Stone is very intolerant of any movement without an accompanying fracture. Every vein in stone is a crack waiting to happen. If your project is of any size and involves the installation of thin tile or stone flooring over a membrane, it would be very prudent to ask whether the manufacturer has any crack suppression data related to the particular type of tile or stone you are using. While not a frequent occurrence, it is not unheard of for a membrane to be too compressive and thin stone or tile too inflexible for use over certain types of membranes, especially in commercial applications.
Without exception, the one item most often missing in membrane installations is the lack of any movement joints or failure to carry control joints through to the next closest grout joint.
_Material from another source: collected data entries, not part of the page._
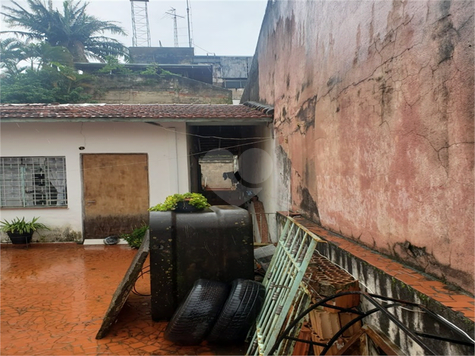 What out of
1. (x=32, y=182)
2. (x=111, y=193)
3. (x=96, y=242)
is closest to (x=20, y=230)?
(x=32, y=182)

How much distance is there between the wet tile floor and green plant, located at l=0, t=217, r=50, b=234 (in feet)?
2.90

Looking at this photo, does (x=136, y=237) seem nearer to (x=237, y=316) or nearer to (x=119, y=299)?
(x=119, y=299)

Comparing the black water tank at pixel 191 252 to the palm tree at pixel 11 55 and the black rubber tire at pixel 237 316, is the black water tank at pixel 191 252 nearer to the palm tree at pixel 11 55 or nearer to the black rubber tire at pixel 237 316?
the black rubber tire at pixel 237 316

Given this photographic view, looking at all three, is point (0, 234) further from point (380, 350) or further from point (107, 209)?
point (380, 350)

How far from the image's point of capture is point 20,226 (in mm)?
7215

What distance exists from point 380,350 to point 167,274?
7.67ft

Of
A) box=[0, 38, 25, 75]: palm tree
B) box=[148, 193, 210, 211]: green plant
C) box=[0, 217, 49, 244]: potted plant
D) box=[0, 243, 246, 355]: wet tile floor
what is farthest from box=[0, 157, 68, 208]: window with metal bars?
box=[0, 38, 25, 75]: palm tree

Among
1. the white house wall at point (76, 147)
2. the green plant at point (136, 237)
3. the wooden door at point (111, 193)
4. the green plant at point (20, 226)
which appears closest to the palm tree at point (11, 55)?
the white house wall at point (76, 147)

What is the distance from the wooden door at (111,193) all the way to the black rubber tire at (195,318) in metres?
5.09

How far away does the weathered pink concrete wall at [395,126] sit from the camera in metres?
2.04

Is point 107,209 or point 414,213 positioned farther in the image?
point 107,209

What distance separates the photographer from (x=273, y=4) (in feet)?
24.0

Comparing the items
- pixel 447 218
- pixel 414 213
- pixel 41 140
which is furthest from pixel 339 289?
pixel 41 140

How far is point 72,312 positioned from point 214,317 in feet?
6.88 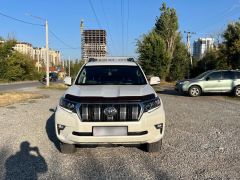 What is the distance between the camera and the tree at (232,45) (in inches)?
1306

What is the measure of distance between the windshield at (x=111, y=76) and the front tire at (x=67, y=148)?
1574 millimetres

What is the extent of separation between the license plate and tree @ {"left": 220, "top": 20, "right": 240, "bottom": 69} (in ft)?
95.6

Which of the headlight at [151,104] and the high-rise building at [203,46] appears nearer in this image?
→ the headlight at [151,104]

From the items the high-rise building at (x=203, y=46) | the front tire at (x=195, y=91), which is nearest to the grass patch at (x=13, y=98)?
the front tire at (x=195, y=91)

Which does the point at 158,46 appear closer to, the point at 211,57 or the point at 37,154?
the point at 211,57

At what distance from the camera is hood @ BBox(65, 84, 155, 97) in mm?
5969

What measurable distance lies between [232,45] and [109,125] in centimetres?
3058

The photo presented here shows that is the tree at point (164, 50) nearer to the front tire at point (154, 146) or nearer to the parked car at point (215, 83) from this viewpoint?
the parked car at point (215, 83)

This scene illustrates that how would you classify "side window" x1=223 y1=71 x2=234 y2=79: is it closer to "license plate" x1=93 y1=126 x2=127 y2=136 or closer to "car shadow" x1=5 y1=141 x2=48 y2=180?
"car shadow" x1=5 y1=141 x2=48 y2=180

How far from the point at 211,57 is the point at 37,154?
46672 mm

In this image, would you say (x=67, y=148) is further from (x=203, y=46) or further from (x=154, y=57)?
(x=203, y=46)

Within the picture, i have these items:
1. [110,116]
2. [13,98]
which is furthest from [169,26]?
[110,116]

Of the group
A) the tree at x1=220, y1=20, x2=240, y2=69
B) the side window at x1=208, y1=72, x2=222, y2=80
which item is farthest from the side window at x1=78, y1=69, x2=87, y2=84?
→ the tree at x1=220, y1=20, x2=240, y2=69

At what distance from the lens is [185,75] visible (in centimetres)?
4906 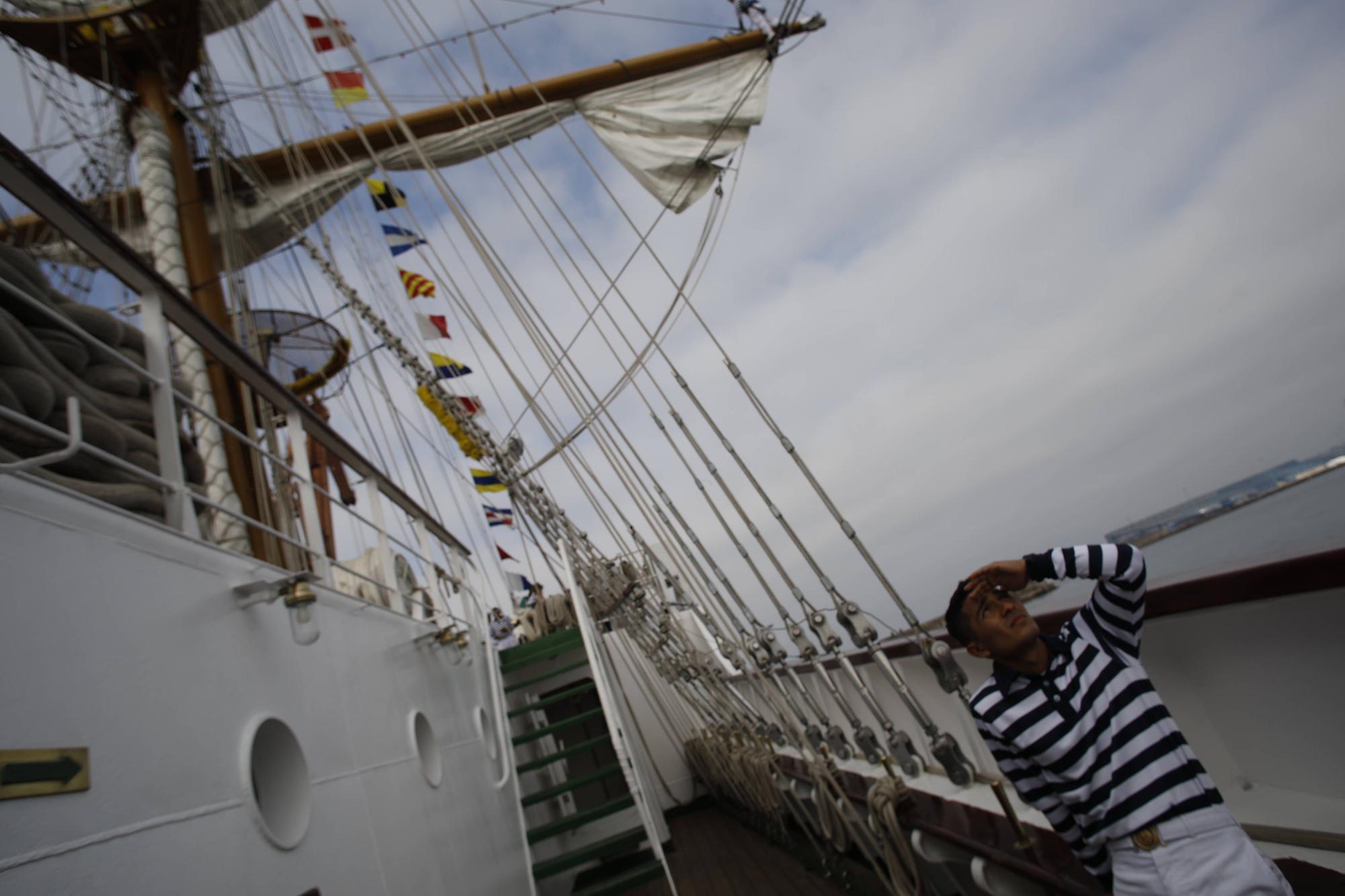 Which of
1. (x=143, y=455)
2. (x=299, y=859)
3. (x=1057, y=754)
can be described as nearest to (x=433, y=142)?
(x=143, y=455)

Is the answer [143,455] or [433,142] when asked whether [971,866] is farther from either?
[433,142]

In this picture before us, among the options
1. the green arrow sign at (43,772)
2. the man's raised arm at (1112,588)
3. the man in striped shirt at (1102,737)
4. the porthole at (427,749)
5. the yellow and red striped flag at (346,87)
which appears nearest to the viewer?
the green arrow sign at (43,772)

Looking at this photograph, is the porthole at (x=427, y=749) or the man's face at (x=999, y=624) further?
the porthole at (x=427, y=749)

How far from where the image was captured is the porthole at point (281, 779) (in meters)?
1.86

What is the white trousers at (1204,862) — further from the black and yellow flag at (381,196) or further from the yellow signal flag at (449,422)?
the black and yellow flag at (381,196)

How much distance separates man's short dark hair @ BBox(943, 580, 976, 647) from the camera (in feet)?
4.72

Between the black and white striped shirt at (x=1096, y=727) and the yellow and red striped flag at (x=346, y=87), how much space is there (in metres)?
8.35

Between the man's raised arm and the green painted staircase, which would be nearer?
the man's raised arm

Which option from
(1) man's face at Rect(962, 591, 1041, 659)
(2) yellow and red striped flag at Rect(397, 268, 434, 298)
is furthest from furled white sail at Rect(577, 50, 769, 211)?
(1) man's face at Rect(962, 591, 1041, 659)

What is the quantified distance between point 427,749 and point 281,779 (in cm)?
122

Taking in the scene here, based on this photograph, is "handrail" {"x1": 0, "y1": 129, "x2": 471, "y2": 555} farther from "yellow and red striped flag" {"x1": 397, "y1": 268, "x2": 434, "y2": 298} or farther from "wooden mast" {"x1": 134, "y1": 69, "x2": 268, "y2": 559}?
"yellow and red striped flag" {"x1": 397, "y1": 268, "x2": 434, "y2": 298}

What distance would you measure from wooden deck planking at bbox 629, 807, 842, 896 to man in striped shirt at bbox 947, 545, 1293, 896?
2.56 m

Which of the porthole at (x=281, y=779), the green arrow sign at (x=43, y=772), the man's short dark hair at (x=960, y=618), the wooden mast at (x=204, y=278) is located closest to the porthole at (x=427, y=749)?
the porthole at (x=281, y=779)

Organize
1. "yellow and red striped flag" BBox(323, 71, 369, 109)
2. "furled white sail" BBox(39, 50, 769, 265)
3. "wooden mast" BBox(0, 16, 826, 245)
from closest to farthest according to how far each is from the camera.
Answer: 1. "yellow and red striped flag" BBox(323, 71, 369, 109)
2. "furled white sail" BBox(39, 50, 769, 265)
3. "wooden mast" BBox(0, 16, 826, 245) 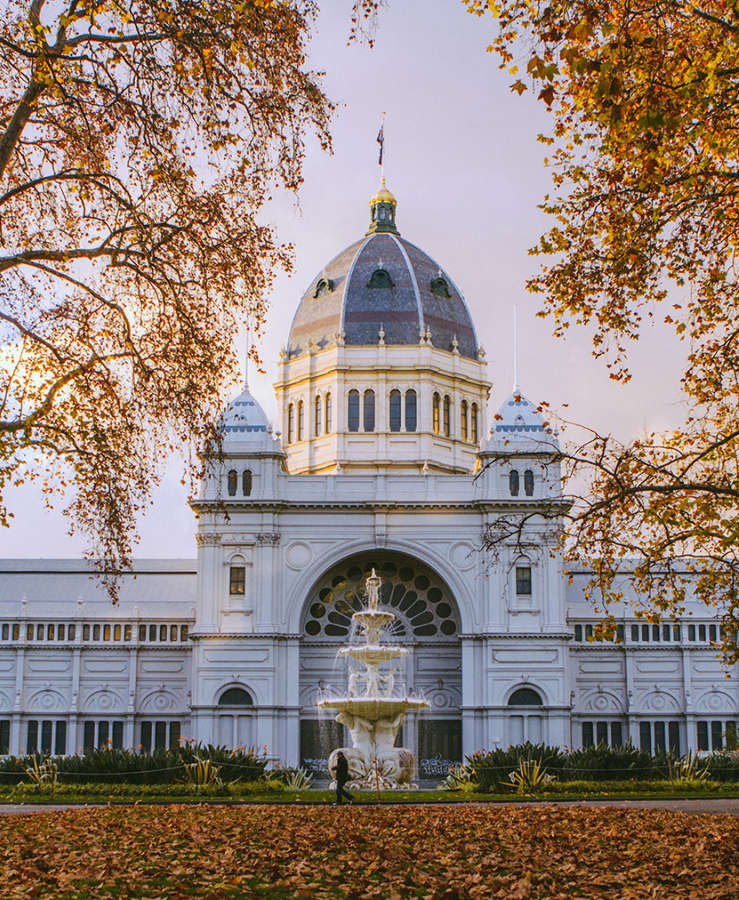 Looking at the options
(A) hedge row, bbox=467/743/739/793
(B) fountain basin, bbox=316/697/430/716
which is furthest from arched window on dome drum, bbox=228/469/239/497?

Crack suppression membranes do not eliminate the need for movement accommodation joints. On the contrary, if membranes are to perform their task, they need a place to move to.
Control joints and/or movement joints are designed to control where the movement will occur. That the control joints in concrete will crack at some point in time is relatively certain; these joints must be carried through the surface of the tile installation per manufacturer instructions.
In the case of random concrete slab cracks, the energy of the cracking is stored in the membrane for transit to a predetermined location. That location would be the movement accommodation joints in the field and/or expansion joints at the perimeter of the installation. When the total area of the floor is greater than 25’ in length, movement joints need to be placed in the field of installation. When exposed to sun or high moisture conditions, including high levels of ground water, they need to be placed even closer. Under either condition, perimeter joints alone will not provide the necessary movement accommodation.
Crack suppression membranes, by design, dissipate energy. They also store it for transit just like a truck hauling a load. Once the energy of the movement arrives at its destination (the movement accommodation joint), it unloads and is ready for another trip. It is entirely futile to use a crack isolation membrane without accommodating the anticipated movement.